Archbishop David Moxon, is the Archbishop of Canterbury’s representative to the Holy See and Director of the Anglican Centre in Rome. He was Primate of the Anglican Church in Aotearoa, New Zealand & Polynesia until 2013.
Father David Moxon returned from theological studies at Oxford University in the U.K. in the late 1970s to attend Saint John’s Theological College in Auckland, New Zealand, to undertake Maori Studies under the tutelage of Canon John Tamahori who was then our Lecturer in that subject.
I was attending SJC at that time, as an S.S.F. Brother studying for the L.Th. exams, and was intrigued by this exotic New Zealander who had been personally advised by the then Bishop of Auckland, +Paul Reeves – later to become Archbishop of Aotearoa/New Zealand – (who had been his presenting bishop before ordination for the Waiapu Diocese) to undertake further studies in Maori at St. John’s College, Auckland. Around that time, when I was studying at Saint John’s, the College was host to two more students destined to become bishops in ACANZP – ++Philip Richardson, now the Pakeha Archbishop of New Zealand, and +Kelvin Wright, currently Bishop of Dunedin.
Archbishop David Moxon’s ministry in both Maori and Pakeha Tikanga in ACANZP gifted him abundantly for his current role as the latest Anglican Communion Representative to the Holy See, which task he took up in 2013 after his episcopal ordination as Bishop of Waikato. N.Z. in 1993, and his accession as Pakeha Tikanga Archbishop of New Zealand in 2006.
Archbishop David’s Anglo-Catholic leanings – not unlike those of his mentor, former Archbishop Paul Reeves – led to an easy relationship with the Roman Catholic Bishops in Aotearoa/New Zealand. In fact, he was first ordained Bishop of Waikato in the R.C. Cathedral in Hamilton, because his own Anglican Cathedral was not deemed large enough to contain the likely congregation on that august occasion.
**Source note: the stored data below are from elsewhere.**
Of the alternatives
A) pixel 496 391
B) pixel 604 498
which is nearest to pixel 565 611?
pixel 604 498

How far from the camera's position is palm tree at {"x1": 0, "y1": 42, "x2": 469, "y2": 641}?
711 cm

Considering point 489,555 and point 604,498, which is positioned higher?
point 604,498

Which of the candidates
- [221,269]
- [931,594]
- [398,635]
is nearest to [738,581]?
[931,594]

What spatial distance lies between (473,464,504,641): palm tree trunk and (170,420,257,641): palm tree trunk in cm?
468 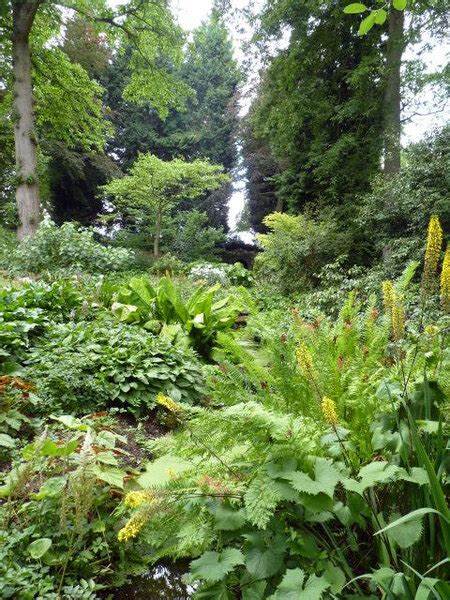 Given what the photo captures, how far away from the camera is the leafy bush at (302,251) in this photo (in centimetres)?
743

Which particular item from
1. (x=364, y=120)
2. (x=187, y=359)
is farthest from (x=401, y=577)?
(x=364, y=120)

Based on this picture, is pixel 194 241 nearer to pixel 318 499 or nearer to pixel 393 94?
pixel 393 94

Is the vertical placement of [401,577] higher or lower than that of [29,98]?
lower

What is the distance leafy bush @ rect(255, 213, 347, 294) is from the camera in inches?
293

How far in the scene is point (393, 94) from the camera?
322 inches

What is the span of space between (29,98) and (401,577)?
401 inches

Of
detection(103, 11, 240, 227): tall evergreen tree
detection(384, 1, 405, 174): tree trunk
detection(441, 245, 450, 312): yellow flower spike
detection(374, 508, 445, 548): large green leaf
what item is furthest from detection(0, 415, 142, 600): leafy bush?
detection(103, 11, 240, 227): tall evergreen tree

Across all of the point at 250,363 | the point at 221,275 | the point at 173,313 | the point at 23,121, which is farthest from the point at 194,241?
the point at 250,363

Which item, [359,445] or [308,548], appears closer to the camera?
[308,548]

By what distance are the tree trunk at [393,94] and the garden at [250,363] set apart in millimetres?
46

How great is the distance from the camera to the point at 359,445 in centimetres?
141

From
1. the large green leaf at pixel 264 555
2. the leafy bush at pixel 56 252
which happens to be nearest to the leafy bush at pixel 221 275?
the leafy bush at pixel 56 252

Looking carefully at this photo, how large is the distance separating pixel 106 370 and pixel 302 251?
5.38 meters

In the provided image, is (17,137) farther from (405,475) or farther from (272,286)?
(405,475) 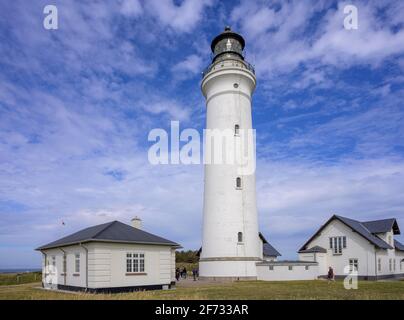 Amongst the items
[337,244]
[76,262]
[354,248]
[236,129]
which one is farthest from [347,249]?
[76,262]

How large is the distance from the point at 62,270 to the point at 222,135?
50.7ft

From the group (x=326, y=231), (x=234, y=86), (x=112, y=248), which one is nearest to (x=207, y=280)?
(x=112, y=248)

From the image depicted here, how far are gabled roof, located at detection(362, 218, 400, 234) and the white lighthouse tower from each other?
44.2ft

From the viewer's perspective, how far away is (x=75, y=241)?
21.8 metres

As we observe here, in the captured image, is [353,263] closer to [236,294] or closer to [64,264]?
[236,294]

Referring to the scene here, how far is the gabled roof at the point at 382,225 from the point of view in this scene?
35.7 m

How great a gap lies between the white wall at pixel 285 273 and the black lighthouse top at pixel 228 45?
1794cm

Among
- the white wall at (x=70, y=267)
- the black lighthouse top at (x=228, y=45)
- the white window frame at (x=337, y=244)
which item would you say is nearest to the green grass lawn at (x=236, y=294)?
the white wall at (x=70, y=267)

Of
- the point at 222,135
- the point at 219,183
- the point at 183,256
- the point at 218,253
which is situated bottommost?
the point at 183,256

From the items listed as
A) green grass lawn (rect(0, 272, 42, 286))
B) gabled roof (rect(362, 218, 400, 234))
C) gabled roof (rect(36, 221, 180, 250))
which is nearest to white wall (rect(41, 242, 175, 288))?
gabled roof (rect(36, 221, 180, 250))

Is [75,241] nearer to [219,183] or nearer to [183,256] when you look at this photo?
[219,183]

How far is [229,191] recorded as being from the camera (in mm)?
29500

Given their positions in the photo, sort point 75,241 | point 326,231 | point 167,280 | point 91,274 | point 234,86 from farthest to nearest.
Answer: point 326,231
point 234,86
point 167,280
point 75,241
point 91,274

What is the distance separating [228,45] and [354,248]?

Bishop David’s work as Director of Theology for Education by Extension in the Provincial Church from 1987 – 1993 provided insights into a sphere that has equipped him for continuing dialogue with ARCIC and the Roman Catholic Church – a task with which he is now intimately involved, through direct contact with Pope Francis and officials at the Vatican in Rome, in which city he is now domiciled.
In this intimate relationship with the Roman Catholic Church, it would have been important to Archbishop David that he try to articulate the difficulties currently encountered in the Anglican Communion’s stand-off on issues of gender and sexuality – which happens to coincide with the imminent Roman Catholic Conference on the Family, called by Pope Francis to address problems encountered in his Church on the very same issues. With the Pope’s well-known desire to open up the Catholic Church to a more compassionate treatment of women and gays – despite the expected opposition of some members of the Curia – it may well be that these two ‘princes of the Church’ could provide some welcome support for one another in their ecumenical pastoral conversations.